=== TASK INPUT ===

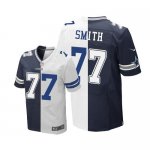 Jerseys Factory Cheap Nike Cowboys #77 Tyron Smith Navy Blue/Whi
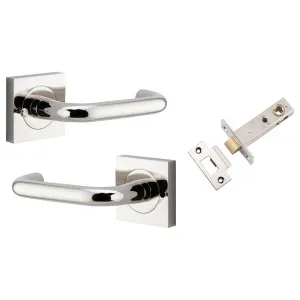 Oslo Lever Square Rose (Inbuilt Privacy) Polished Nickel by Iver, a Door Hardware for sale on Style Sourcebook
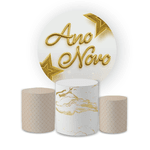 Kit Capa Painel Redondo + Trio Cilindros Decoração ANO NOVO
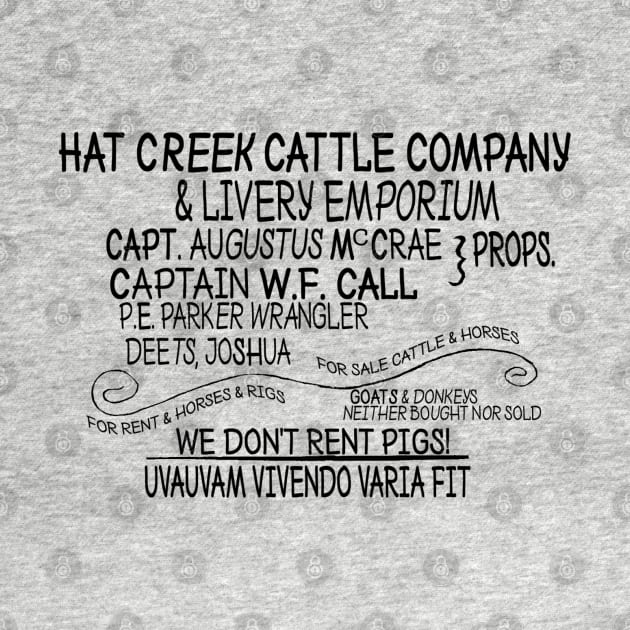 Hat Creek Cattle Company Sign 2 - From Lonesome Dove by hauntedjack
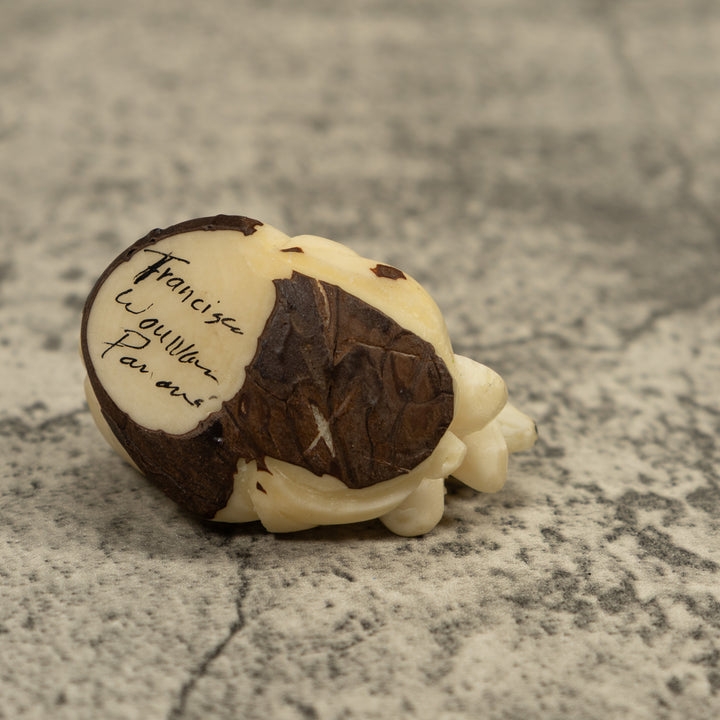 White Natural Negue Agouti Tagua Carving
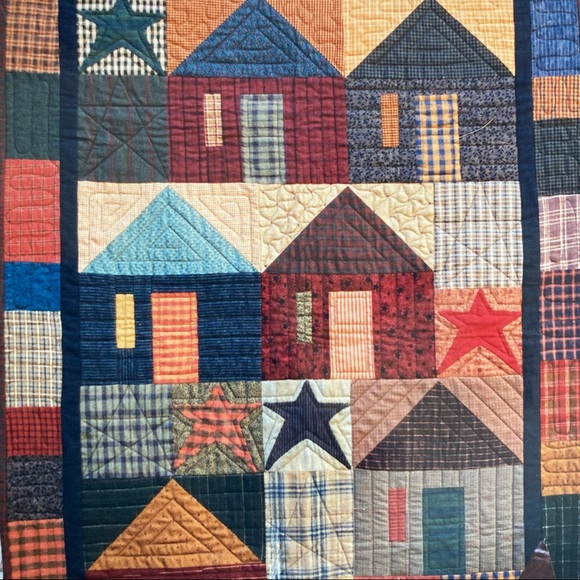 Quilt Pattern - Country Threads “Great American Village” Throw or Wall Hanging - Picture 2 of 6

===

▶ _EXERCISE DESCRIPTION_: Could you give the material again exactly as it stands, omitting any image?

▶ _RESULT_:
 Jerseys Factory Cheap Nike Cowboys #77 Tyron Smith Navy Blue/Whi
 Oslo Lever Square Rose (Inbuilt Privacy) Polished Nickel by Iver, a Door Hardware for sale on Style Sourcebook
 Kit Capa Painel Redondo + Trio Cilindros Decoração ANO NOVO
 Hat Creek Cattle Company Sign 2 - From Lonesome Dove by hauntedjack
 White Natural Negue Agouti Tagua Carving
 Quilt Pattern - Country Threads “Great American Village” Throw or Wall Hanging - Picture 2 of 6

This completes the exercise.